Mentions are like emails you are CC'ed on by virtue of your name occuring in the message. But unlike email, the keeper of the walled garden instills the trust that we've all lost in email authenticity due to the ease of faking the origin. Sure Twitter has a spam problem, but you never doubt the origin of the message. You just don't care about certain messages arriving at all.
The way we read our timeline, we don't wonder if the content is faked, we trust that what is in our timeline is at least from the claimed sources. With aggregating distributed feeds you do trust that you only get messages that came from a feed you've personally validated, but the moment you add the capability to receive adhoc messages, everything message has to become suspect.
This is why i spent more time on the message-, name server- and meta-data signing than anything else on Happenstance. In the end, you are accumulating a store of messages that represents your own copy of messages passed around that may or may not have come directly from a trusted canonical uri.

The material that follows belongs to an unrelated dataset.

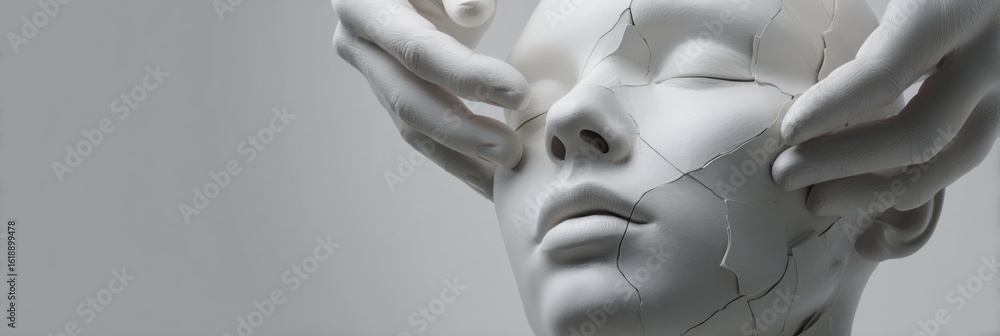 Poster artistic representation of sculpting hands shaping a digital face with cracked features in a redefin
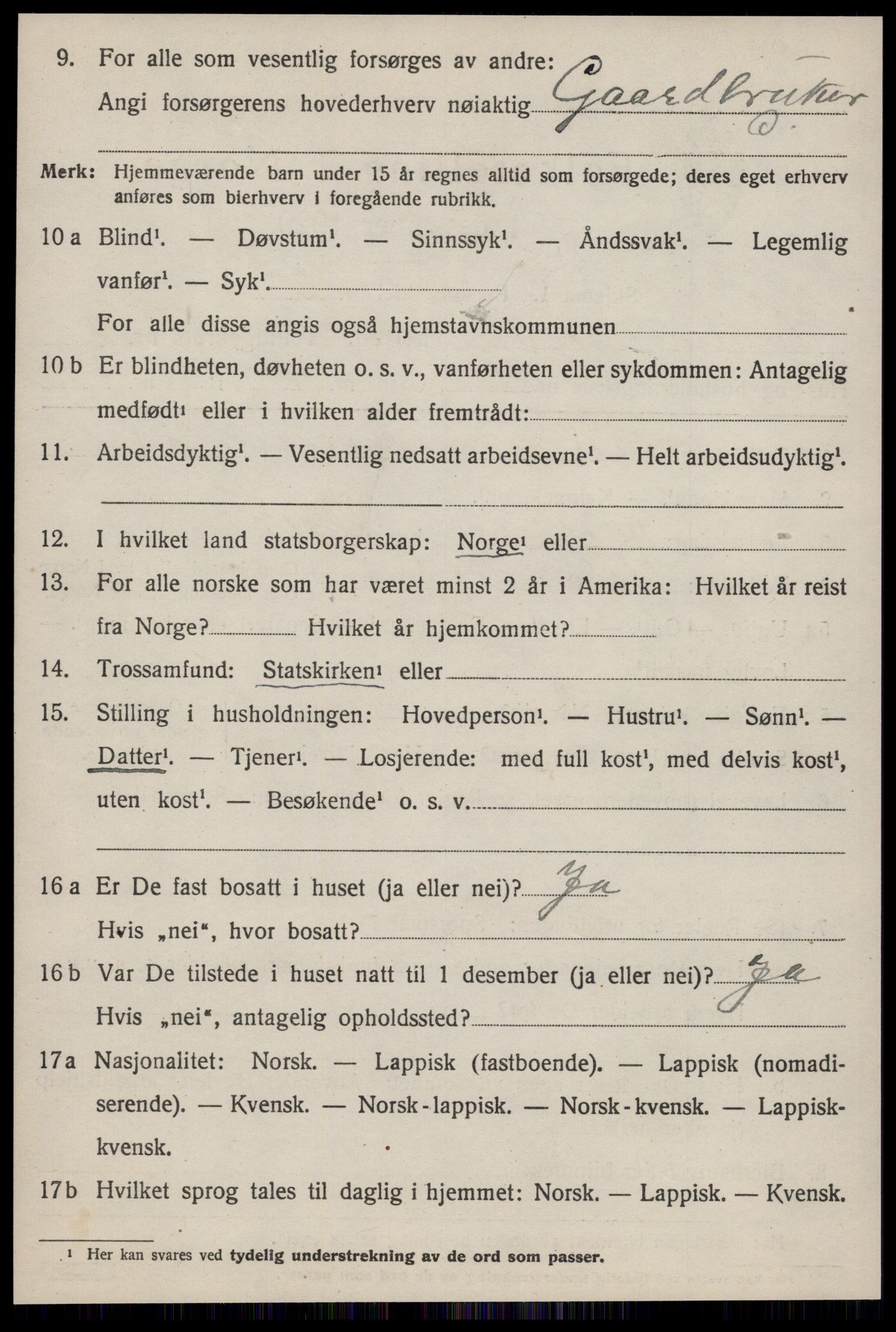 SAT, 1920 census for Hølonda, 1920, p. 542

And for that network to be as valuable as twitter, the ability for your reader to authenticate the content as originating from where it claims to come from will make the difference between a valueable resource and the next spam haven that people abandon for the safety of the walled gardens.
And that's the one thing i've not seen anyone else address: Everyone is talking about all these competitors to twitter being able to interchange messages, which of course they must since none can rival the reach twitter has on its own. But none of the existing and proposed mechanisms address the issue of trust in content of a remote origin. Hopefully my exposition of the Happenstance design will at least inspire the emerging standard for status distribution to avoid the pitfalls that turned email into more spam than actual discourse.